Chocolate Chip Bread Pudding with Cinnamon-Rum Sauce

Chocolate Chip Bread Pudding with Cinnamon-Rum Sauce
Chocolate Chip Bread Pudding with Cinnamon-Rum Sauce
While in Washington, D.C., for a convention, I discovered a delightful restaurant, The Little Fountain Cafe. It was so good that I went back for dinner two more times during my stay. The pudding can be assembled up to one day ahead, then popped into the oven just before you sit down for dinner.
  • Preparing Time: -
  • Total Time: -
  • Served Person: Makes 12 to 14 servings
American Bread Chocolate Egg Dessert Bake Winter Bon Appétit Kidney Friendly Vegetarian Pescatarian Peanut Free Tree Nut Free Soy Free Kosher
  • 1 cup sugar
  • 1/8 teaspoon salt
  • 1 cup semisweet chocolate chips
  • 2 tablespoons vanilla extract
  • 6 large eggs
  • 4 large egg yolks
  • 2 1/2 cups half and half
  • 10 tablespoons (1 1/4 sticks) unsalted butter, melted
  • Carbohydrate 42 g(14%)
  • Cholesterol 187 mg(62%)
  • Fat 22 g(34%)
  • Fiber 2 g(7%)
  • Protein 8 g(17%)
  • Saturated Fat 12 g(61%)
  • Sodium 198 mg(8%)
  • Calories 397

A Culinary Adventure: Recreating a Washington D.C. Delight

My recent trip to Washington, D.C. for a business conference was unexpectedly enriched by a culinary discovery. Nestled amongst the bustling city streets, I stumbled upon a hidden gem: The Little Fountain Cafe. The ambiance was charming, the service impeccable, but it was the food that truly stole my heart. During my stay, I found myself drawn back to this cafe not once, but twice more, captivated by their exceptional menu.

One dish in particular stood out, a symphony of textures and flavors that I couldn't stop thinking about: their chocolate chip bread pudding. It was a revelation – warm, comforting, and utterly irresistible. The bread pudding was perfectly baked, with a slightly crisp exterior giving way to a wonderfully soft and custardy interior, studded with generous pockets of melty chocolate chips. The accompanying cinnamon-rum sauce added a touch of sophisticated warmth, complementing the richness of the pudding beautifully.

I knew I had to recreate this masterpiece at home. I’m not a professional pastry chef, just a busy woman juggling work and a personal life. I love to cook, but I prefer recipes that are straightforward and delicious, recipes that don't require a culinary degree to execute successfully. Luckily, this bread pudding falls into that category. The recipe, while refined, is surprisingly simple, making it the perfect dessert for both weeknight dinners and special occasions.

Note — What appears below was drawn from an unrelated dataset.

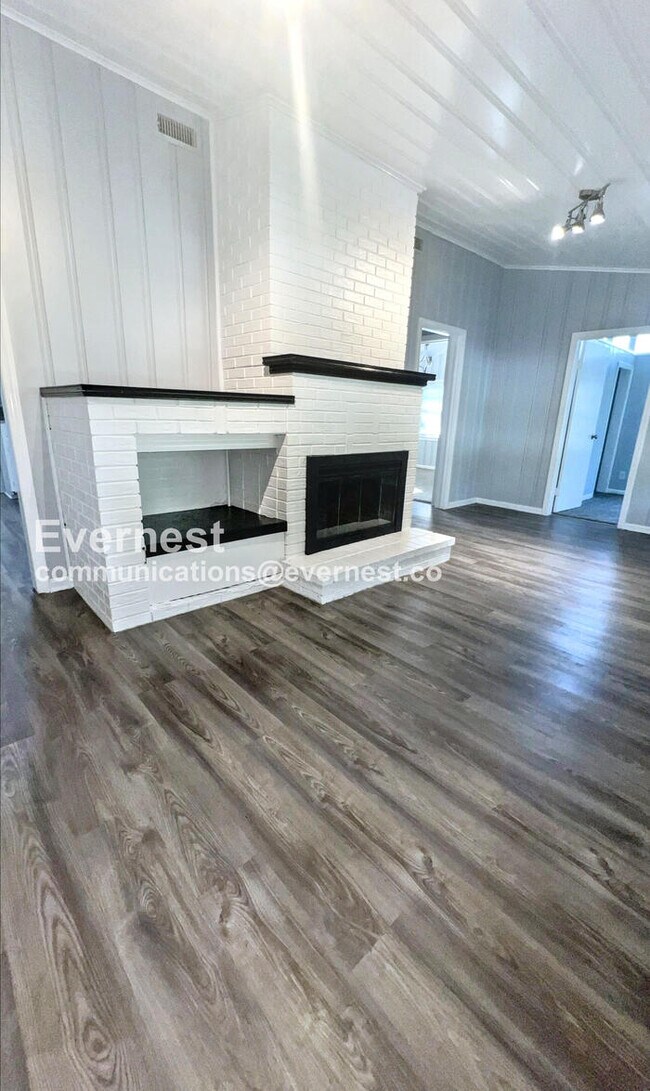 Foto del edificio - 6603 Hardy Ave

The beauty of this recipe lies in its versatility. It’s perfect for a cozy night in, or a delightful addition to a dinner party. The pudding can even be prepared a day ahead, freeing up precious time on the day of serving. Simply assemble the pudding the night before, refrigerate, and pop it in the oven when you're ready for dessert. It's the kind of thoughtful detail that makes all the difference when entertaining.

The ingredients are readily available at most grocery stores. I usually buy my ingredients at the local Farmer's Market whenever possible. This bread pudding recipe is so easy to make and is always a hit at any dinner party. The aroma that fills your kitchen while it bakes is intoxicating, promising a treat that's both delicious and deeply satisfying.

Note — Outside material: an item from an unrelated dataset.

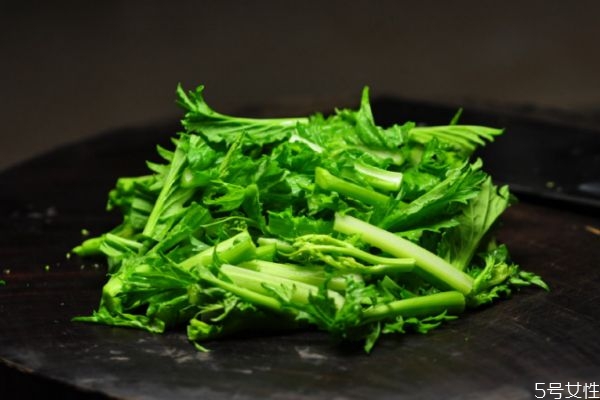 冲菜要怎么做,冲菜用什么菜做好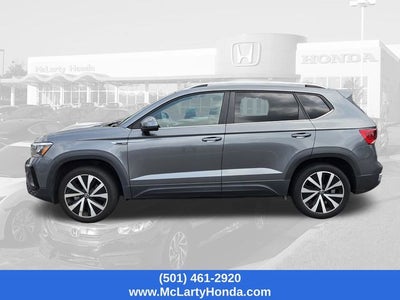 2024 Volkswagen Taos 1.5T SE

This chocolate chip bread pudding is more than just a dessert; it’s a memory, a taste of a wonderful culinary adventure, easily replicated in my own kitchen. The simplicity of the recipe belies the rich, decadent result, making it a dessert that I'll treasure and return to time and again. The warm, comforting flavors are perfect for any season, offering a welcome escape from the everyday grind.

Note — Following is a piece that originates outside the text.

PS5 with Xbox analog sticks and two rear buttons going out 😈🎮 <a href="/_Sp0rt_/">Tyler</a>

So, whether you're a seasoned baker or a kitchen novice, I encourage you to give this recipe a try. It's a guaranteed crowd-pleaser that will leave you feeling satisfied and wonderfully full. And perhaps, with each bite, you'll be transported back to the charming Little Fountain Cafe, savoring the memory of a delightful culinary encounter.

Step-by-step

    • Preheat oven to 350°F. Butter 13x9x2-inch glass baking dish.
    • Place bread in large bowl; pour 8 tablespoons melted butter over bread and toss to coat. Add chocolate chips and toss to combine.
    • Transfer mixture to prepared dish.
    • Whisk half and half, 1 cup sugar, eggs, egg yolks, vanilla extract, and salt in large bowl to blend.
    • Pour over bread cubes in dish. Let stand 30 minutes, occasionally pressing bread cubes into custard. (Can be prepared 1 day ahead. Cover and refrigerate.)
    • Drizzle remaining 2 tablespoons melted butter over pudding; sprinkle with brown sugar.
    • Bake bread pudding until puffed, brown, and set in center, about 1 hour.
    • Serve warm with Cinnamon-Rum Sauce.